From The New York Post:
White House spokeswoman Sarah Huckabee Sanders said Friday that’s due to language in a presidential directive Trump issued in January. The directive applies to new pipelines or those under repair. Sanders said it would be hard to do an about-face on Keystone because it’s already under construction and the steel has been acquired.
Trump said as recently as last week that Keystone and the Dakota Access pipeline must use American steel “or we’re not building one.”
This pipeline, which was a center of controversy for President Obama, the Keystone XL would run from Canada to the Gulf Coast, where refineries would process oil from Canada’s tar sands that produces more greenhouse gases than normal crude.

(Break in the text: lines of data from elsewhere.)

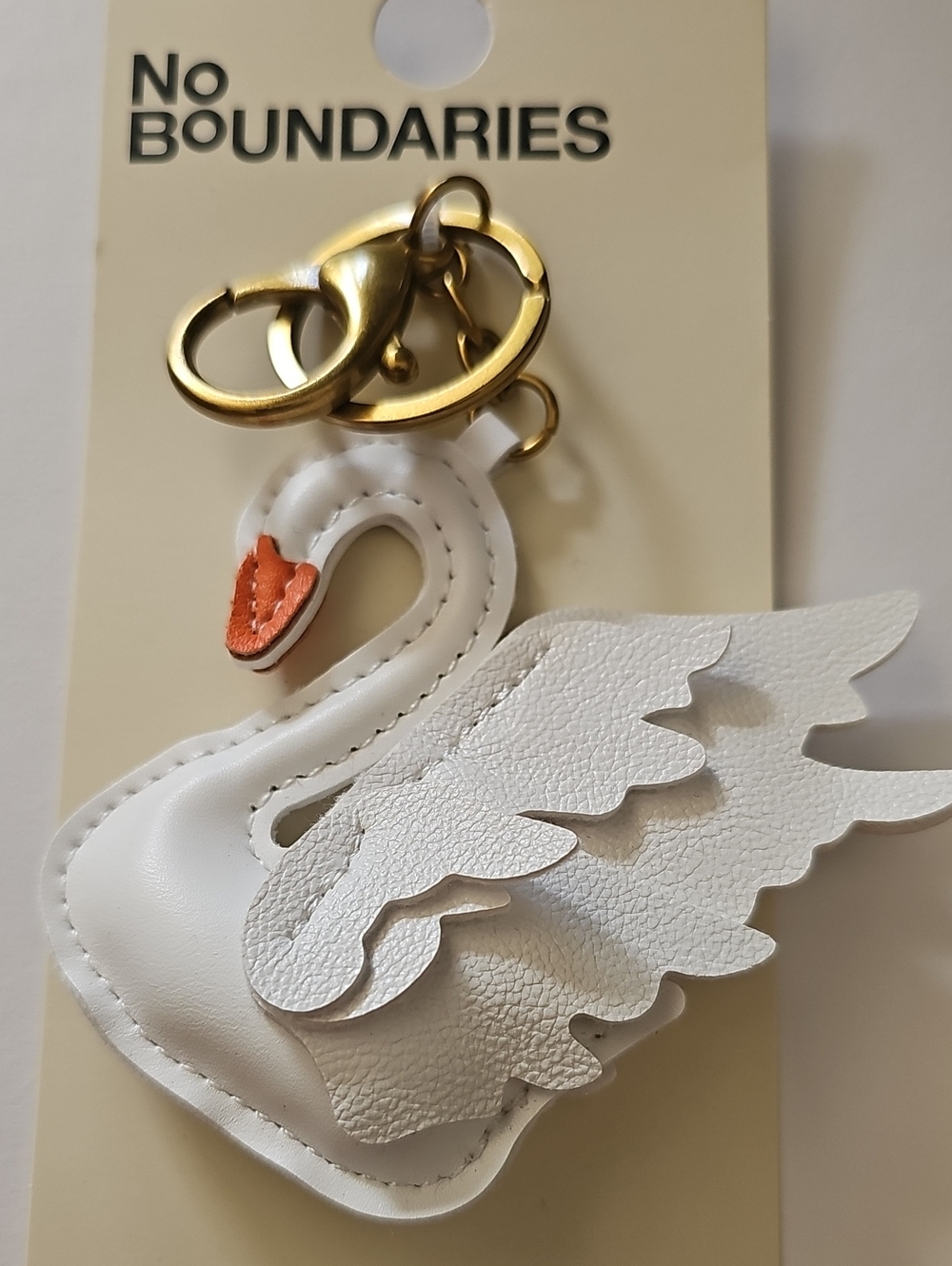 No Boundaries White Swan Key Holder/Bag Charm with Gold Hardware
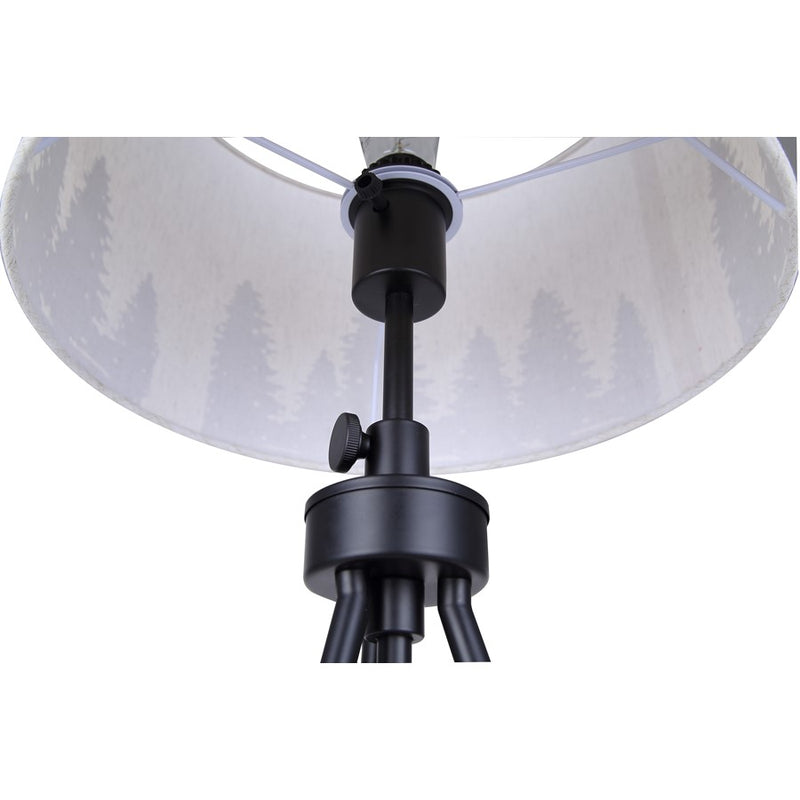 Canarm Holt 27.25in 1-Light Table Lamp | Modern Matte Black Tripod with Tree Motif Shade | Bedside & Reading Corner | Model ITL2145B26BK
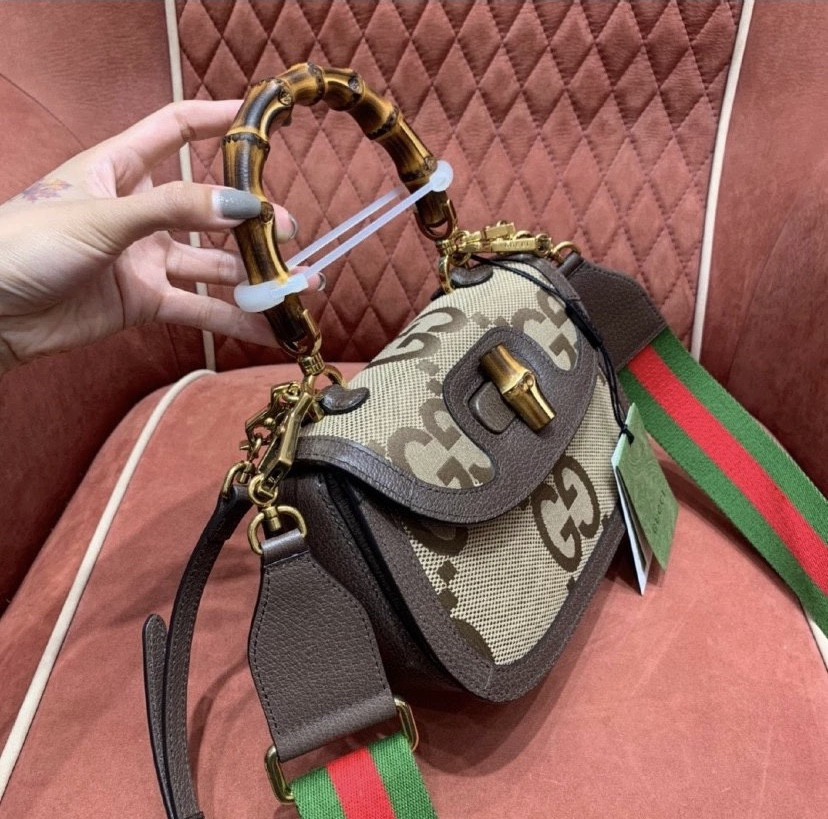 Gvc*1 Small Bamboo Handbag with S*per Double G Pattern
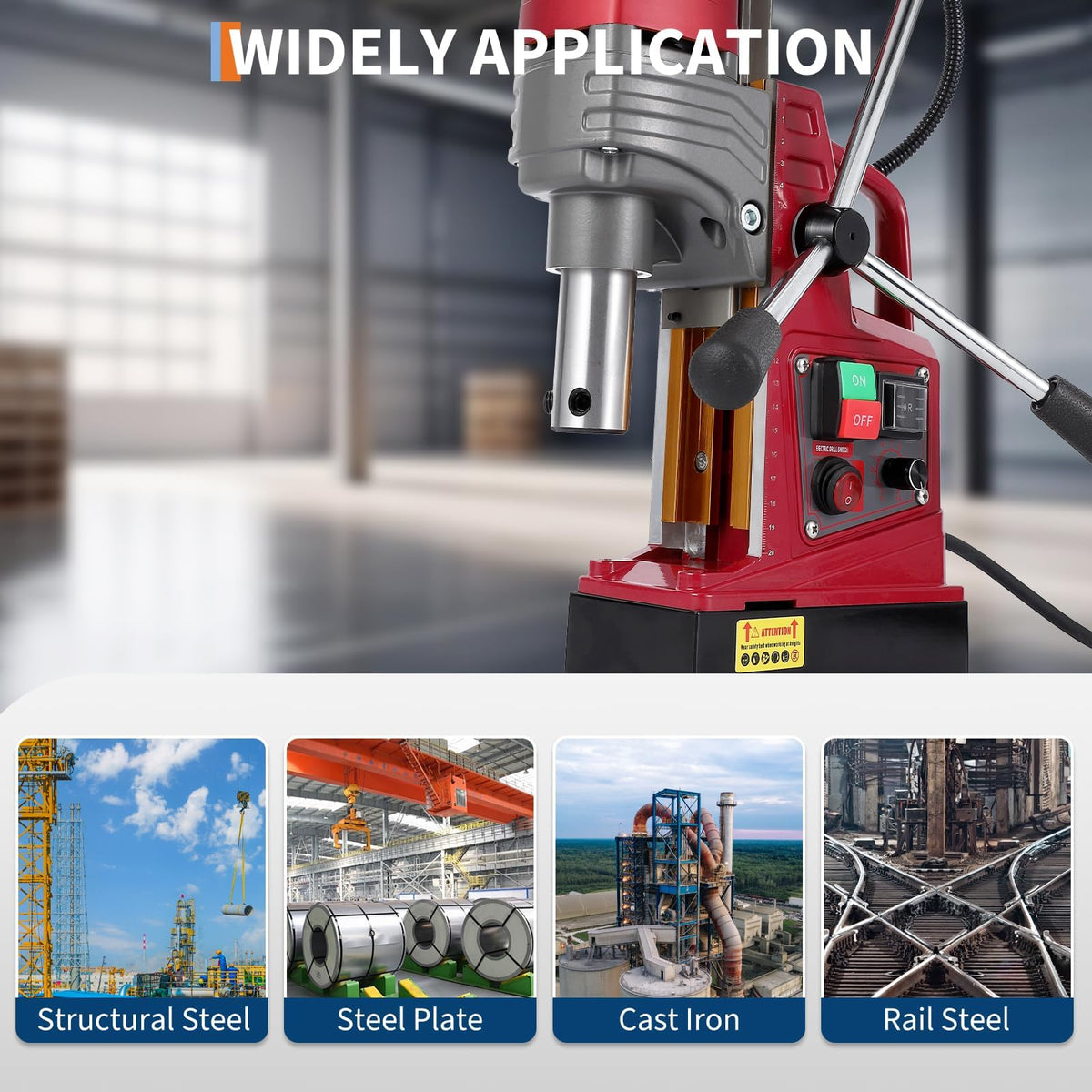 1550W Magnetic Drill Press, 2" Coring, 3147lbf Mag Force, 750RPM Adjustable Speed Mag Drill for Metal, Portable Magnetic Drill Press for Professional Drilling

“If we’re going to use our powers of eminent domain and all the other powers, then I want the pipe to be manufactured with United States steel,” President Trump said during a meeting with small business leaders in late January. However, shortly after that declaration, Reuters reported that most of the steel for this project had already been purchased. Half of it was made in the U.S., in Arkansas, but by a company named Welspun which operates out of India.
While, rhetorically, this directive sounds good to some Americans, as a matter of policy it’s possibly an illegal directive.
From NBC News:
“First of all, this is private investment, so there’s no legal authority for the government to require a private company to use domestic materials,” [Dan Ikenson, director of the Cato Institute’s Herbert A. Stiefel Center for Trade Policy Studies] said on Thursday, prior to Trump’s comments at the retreat.
“Is it good policy to have the president dictate where U.S. companies buy their inputs? No. I think that’s terrible. I think that’s dictatorial. I think it’s very bad precedence.”
This policy also violates a longstanding norm of international trade deals, known as “national interest” that requires a country to treat all foreign businesses the same as domestic ones. However these sorts of norms are exactly what the “economic nationalist” wing of the party wants, although to enforce such a proposal they’d have to increase at least part of the “administrative state.”